Cold days are about to set upon us, my wife and I that is. One day, I think Monday 08 February 2021, will have a Low Temperature of 4˚ F. When we bought this house, it was terribly cold. In the bedroom, in addition to the furnace being on, we used 2 heaters, on low, cycling, on different circuits. We had the house re-wired, so we had Dedicated Receptacles installed in each bedroom for an Air Conditioner. The remainder of each room is installed on it’s own circuit. So, plugged into the A/C Receptacle is good for 20 Amps, and 15 Amps plugged into any other receptacle in the room.

Since that winter, we had the attic insulated, and the walls to the home insulated. It’s not only much easier and cheaper to heat, it’s deadened outside sounds. We now use one heater, cycling, on low, on the A/C Circuit, and the furnace is on 68 or 69 at night.

With the coming cold weather, I was curious what the heaters draw, current wise? I used a Clamp-On Ammeter, and measured the Fan Only, Low Heat, Medium Heat, and High Heat settings of the Operating Heater.

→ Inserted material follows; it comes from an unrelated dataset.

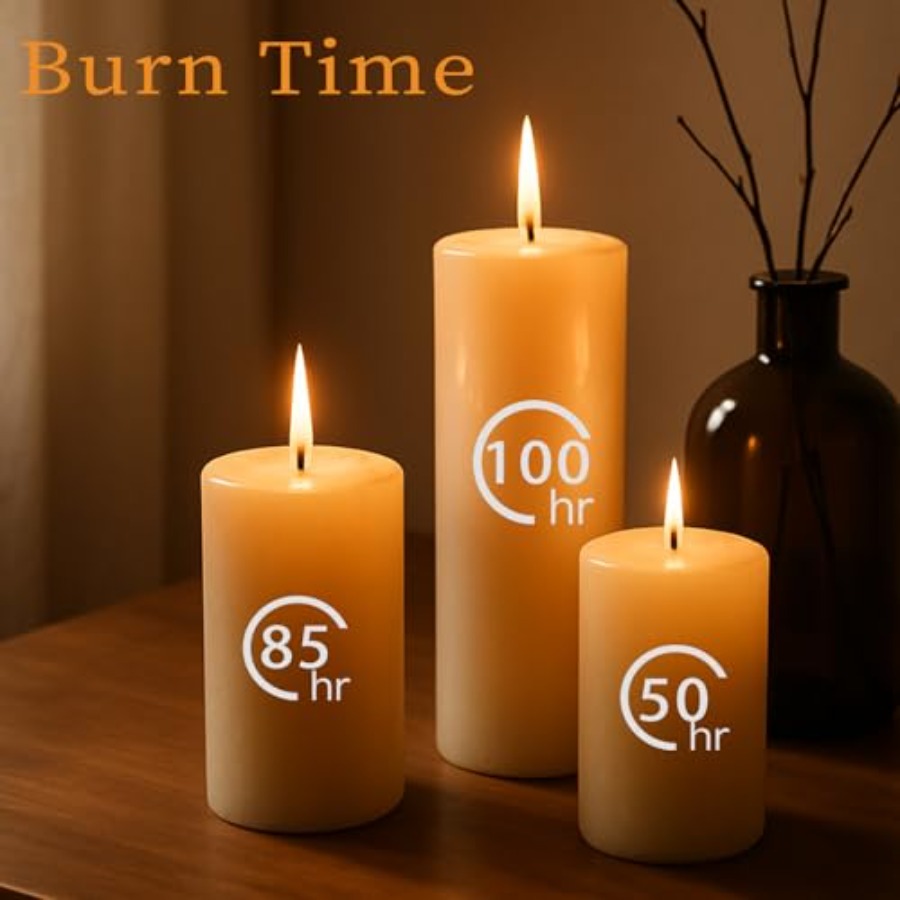 Pillar Candles Set 12 Packs 2. - X Home Decor のレビューと価格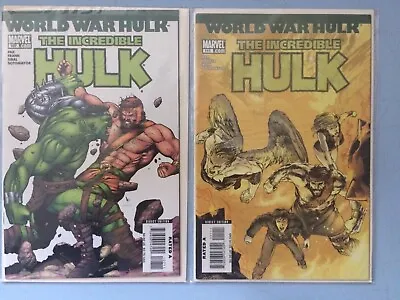 Buy The Incredible Hulk # 107 & 111 Marvel Comics VF-NM 2007 Bagged And Boarded • 3.99£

My first exposure to Clamp-On Ammeters was the Classic Analog Amp-Probe Black Meter with a Rotating Dial (see the Featured Image at the Top). In some ways, the word Amp-Probe has become synonymous with Clamp-On Ammeters like Channel-Locks are associated with Slip-Joint Pliers.

I used a Fluke Clamp-On Ammeter to measure the current used by the heater on different settings. Only one wire can be clamped to measure, clamping both will read 0 Amps. To facilitate that I used an Amp-Probe Line Splitter. There’s a feature on the Line Splitter that a friend showed me years ago. Using a number of wraps of wire, the Clamp-On Meter measures more current. If I loop the same wire 5 times, then clamp it, I will read 5X the amount of Current. The Line Splitter Does 1X and 10X. 1X is the actual reading, and 10X needs to have that reading Divided by 10 to get the actual reading. It’s useful for meters with limited accuracy after the decimal point. My meter has just one Digit after the Decimal.

I inspected and tested the heater recently, it had been in use for the season without a pre-season check. The heater has Fan Only, Low, Medium, and High Heat Settings. The heater is rated at 1500 Watts, so that, using Ohm’s Law, Current = Power/Voltage. 1500/120 is 12.5 Amps is what we should see, Max.

Heaters with 3 Heat Levels commonly have 2 sets of Heating Elements. This is similar to a 3 Way Bulb having 2 Filaments. In a 3 Way Bulb, a 50 Watt and 100 Watt Filament is found. Use the first for 50 Watts, the Second for 100 Watts, and both for 150 Watts. Same with the Heater. One, the other, or both. Both is the Highest Heat Output and the most ampacity (Current Use).

I noticed the heater needed cleaning when I switched on the Medium Heat. The dog, sleeping on the floor, sat up with a start. Seconds later I found out why. The dust on the 2^nd Heating Element burned off, leaving an acrid smell. This is common, in seconds the dust was gone, no smoke, there wasn’t much dust, but enough to make the smell. Looking inside, I decided I’d clean it the next day. Incidentally, I did not use it on medium, but wanted to see how much hotter the air felt, it was a cold night and the room temperature was slowly dropping, but I kept it in low.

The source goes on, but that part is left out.